The Montville suit was one of several in New Jersey which precipitated the passage of the “Pass the Trash” Law on June 1, 2018.  All New Jersey public, charter, and private schools, as well as contract service providers holding a contract with a school, must comply with stringent background requirements for all applicants for employment having contact with students.  This includes, but is not limited to, teachers, administrators, janitors, bus drivers, lunch staff, and aides.

Among other requirements, schools must obtain from applicants employment information including any prior school employment or jobs that involved regular contact with children for the past 20 years, a written authorization requesting release of information from prior employers, and a written statement certifying whether  the applicant has ever been the subject of a child abuse or sexual misconduct investigation by any employer, law enforcement agency, licensing agency or the Department of Children and Families.

Cooper Levenson can assist school districts and contractors comply with the “Pass the Trash” law as well as provide training seminars on a variety of  school issues for your employees.
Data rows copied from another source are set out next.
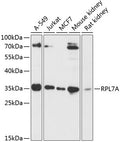 Western blot analysis of extracts of various cell lines, using RPL7A antibody  at 1:3000 dilution.
Secondary antibody: HRP Goat Anti-Rabbit IgG   at 1:10000 dilution.
Lysates/proteins: 25ug per lane.
Blocking buffer: 3% nonfat dry milk in TBST.
Detection: ECL Basic Kit .
Exposure time: 60s.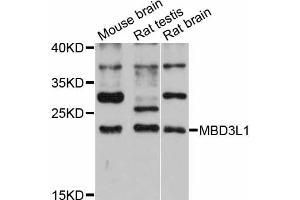 Western blot analysis of extracts of various cell lines, using MBD3L1 antibody (ABIN6293894) at 1:3000 dilution. (MBD3L1 Antikörper)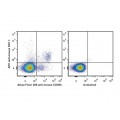 APC Anti-Mouse CD161/NK1.1 Antibody (50 T)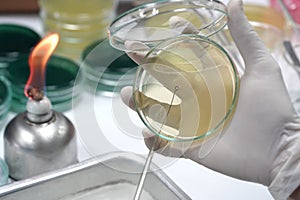 Medical technicians working on bacterial culture and drug resistance of pathogens in laboratory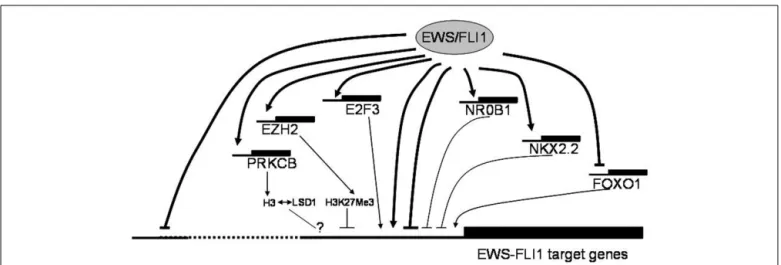 FIGURE 1 | Putative mechanisms of EWS-FLI1 mediated gene regulation discussed at the Ewing sarcoma summit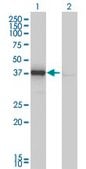 Monoclonal Anti-DNAJB4 antibody produced in mouse clone 1H2-3G4, purified immunoglobulin, buffered aqueous solution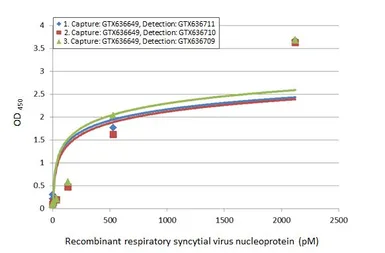 Anti-Respiratory Syncytial virus Nucleoprotein antibody [HL1295] used in ELISA (ELISA). GTX636709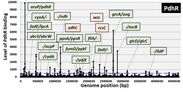 図１．本研究グループにより独自に開発されたGenomic SELEX法を用いて同定されたPdhRのゲノム上結合領域および主要な制御標的遺伝子群。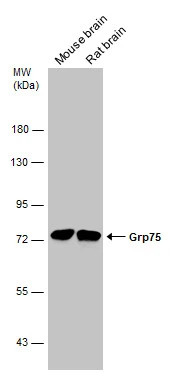 Grp75 antibody
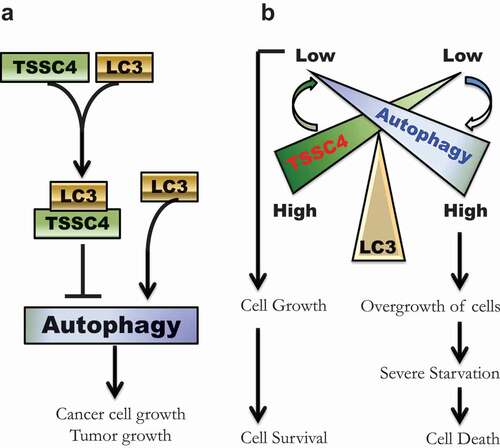 Figure 15. Schematic illustrations of the inhibition of autophagy by TSSC4 and a potential role of TSSC4 in cancer cell growth and growth-associated cell death. (A) A graphic model shows TSSC4 inhibition of autophagy. TSSC4 interacts with the cytosolic LC3-I via its conserved LIR (FDCL). This can prevent the formation of the autophagosome/ autolysosome-bound LC3-II leading to inhibition of autophagy, cell growth and tumor growth. (B) A graphic model illustrates a potential role of TSSC4 in cancer cell growth and growth-associated cell death. When TSSC4 level is high, its interaction with LC3 suppresses autophagy at a low level which promotes cancer cell growth but not overgrowth. Thus, severe starvation might be avoided or delayed, and most cancer cells generated from cell growth will survive. Conversely, when TSSC4 is low, more LC3 will be free from binding to TSSC4. This can significantly increase autophagy levels leading to overgrowth of cancer cells. The rapid growth of cancer cells would quickly deprive the nutrients in their microenvironment resulting in starvation-induced cell death.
For more information, please contact Sean F. Dalton, Esquire at (609)344-3161.

RICE Notice change! Supreme Court reverses Appellate Division over-inclusive RICE notice decision

By Amy Houck Elco, Esq.  and  Yolanda N. Melville, Esq.

Recently, the New Jersey Supreme Court issued its decision in Kean Federation of Teachers v. Ada Morell (A-84-16) (078926). The Supreme Court overturned the Appellate Division’s decision requiring all employees to receive a RICE notice if their names appeared on a public body’s agenda. The Supreme Court opined that RICE notices must be given if an employee will be discussed in executive session and adverse action may be taken regarding his or her employment. The Court also opined that mandating public bodies to issue RICE notices and robustly discuss all personnel matters, as the Appellate Division intimated, would intrude on a public body’s prerogative as to how to conduct its meetings. The Open Public Meetings Act (“OPMA”) does not contain a requirement about the robustness of the discussion that must take place on a topic.

In addition, the OPMA requires public bodies to make their meeting minutes “promptly available to the public to the extent that making such matters public shall not be inconsistent with [N.J.S.A. 10:4-12].” However, the OPMA but does not define the phrase, “promptly available.” The Court reasoned that a public entity must establish its meeting schedule to suit the managerial obligations of its public responsibilities while also acting responsibly concerning its obligation to make minutes “promptly available” to the public. The OPMA’s requirements apply to a diverse range of public entities, so no set amount of time for the release of minutes should be mandated. The OPMA’s legislative history recognizes that closed-session minutes may need to be shielded from the public for a longer period due to the sensitive nature of the material. However, reasonableness must remain the touchstone when assessing promptness. In this case, the five-month delay in releasing the Board’s executive session minutes was considered unreasonable.